Syria’s president says Western countries started supporting anti-Damascus militants because they could not bear to see the Arab country leading an independent existence.
Bashar al-Assad made the remarks in a meeting with a visiting delegation of Greek parliamentarians in the Syrian capital on Tuesday, the official Syrian Arab News Agency (SANA) reported.
“The problem of many Western states’ leaders with Syria is that it has an independent decision, and so they supported terrorists to weaken it and make it a satellite state,” Assad said.
He said the US-led campaign in Syria, which purports to be targeting Daesh, has boomeranged in the face of the West for sparing the Takfiri terrorist group and striking the Syrian people instead.
Earlier in the month, the Syrian Foreign Ministry said French warplanes had targeted the village of Tukhan al-Kubra on the outskirts of the northern city of Manbij, killing 120 civilians. The fatalities came a day after a US airstrike killed 20 civilians in Manbij, it said. Both airstrikes were conducted under the US-led coalition command.

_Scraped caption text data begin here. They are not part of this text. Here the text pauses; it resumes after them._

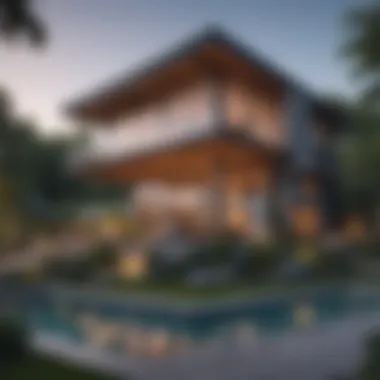 Impacts of Market Fluctuations on Real Estate Market fluctuation impacts on real estate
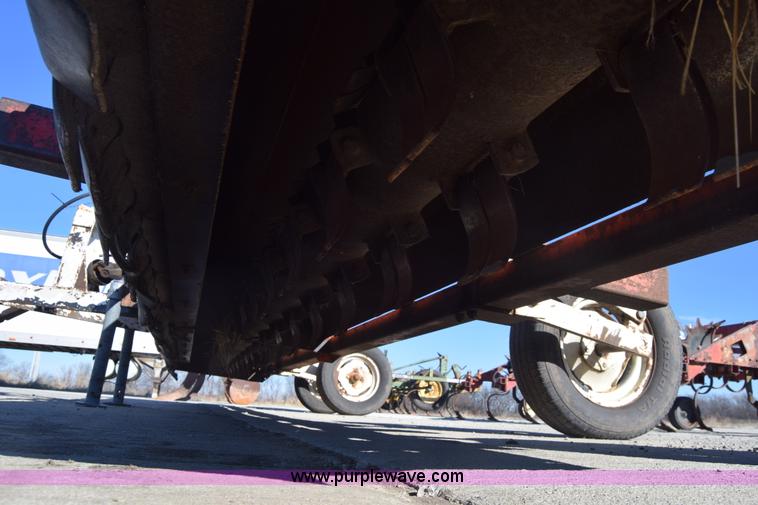 image for item L1157 SunMaster Flail King stalk chopper/flail mower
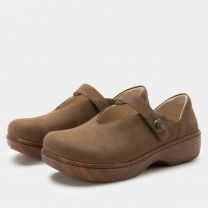 Alegria Women's Opheliah Fawn Suede - ALG-OPH-8183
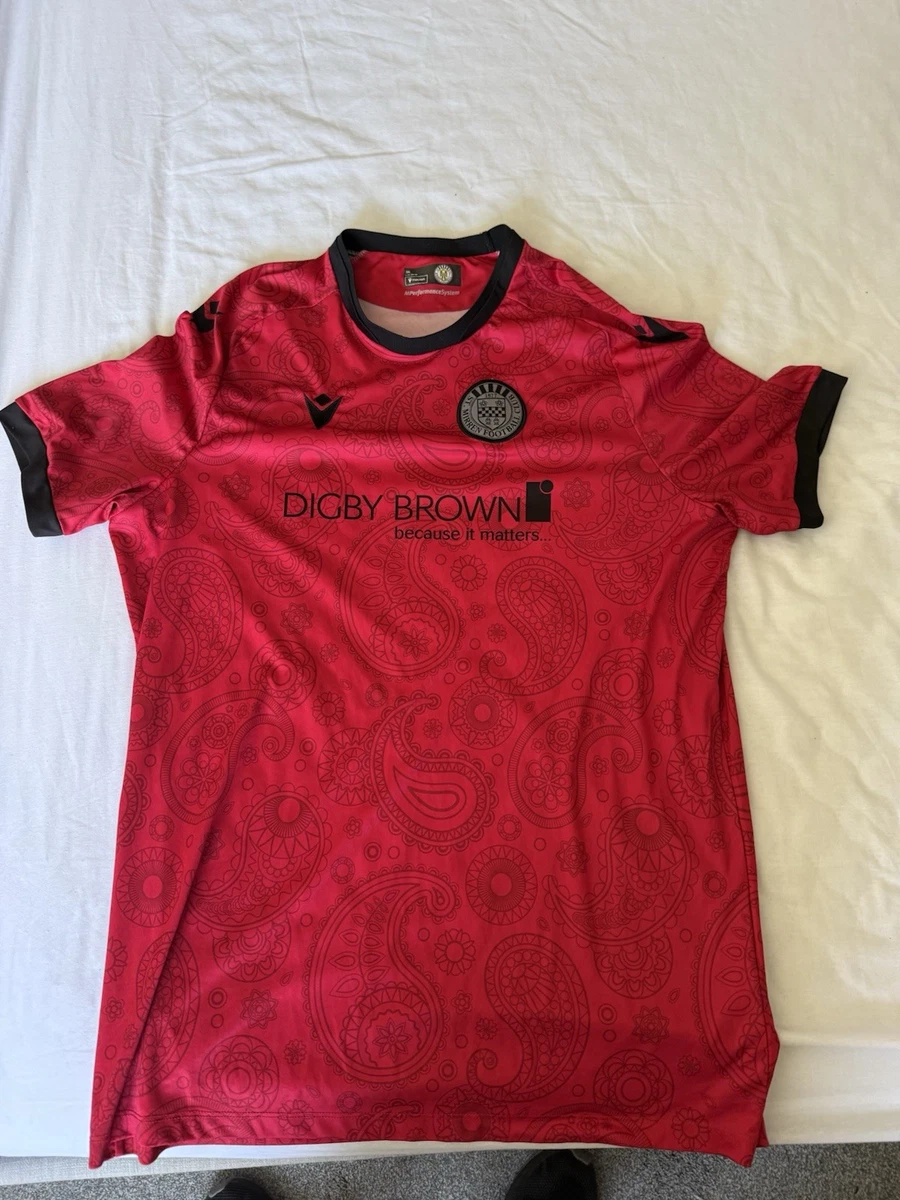 Sortie du troisième maillot de Burnley 24-25 - Footy Headlines FR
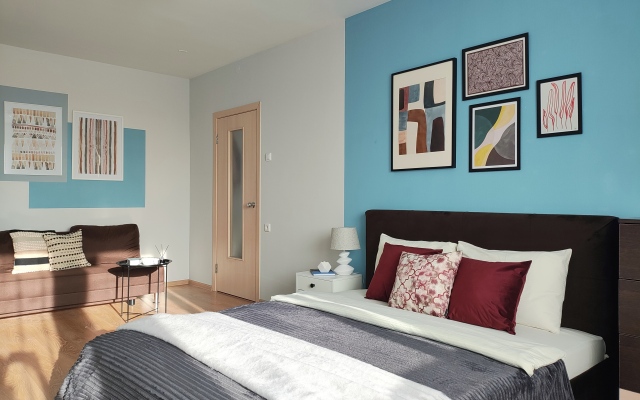 Квартира Пушистый Сон в Академическом Районе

“There are many lessons that the region and the world can learn from the terrorist war that targets the Syrian people,” the Syrian head of state said.
“The proof of that is the wave of terrorism that struck in several states in Europe and the world recently,” Assad said, referring to several attacks across the US and Europe over the past two years that have been claimed by Daesh.
The US-led coalition has been bombarding Syria since September 2014 without authorization from Damascus or the United Nations. Analysts say the US-led campaign has failed to dislodge the terrorists, who have seized parts of land in Iraq and Syria and are engaged in crimes against humanity in the areas under their control.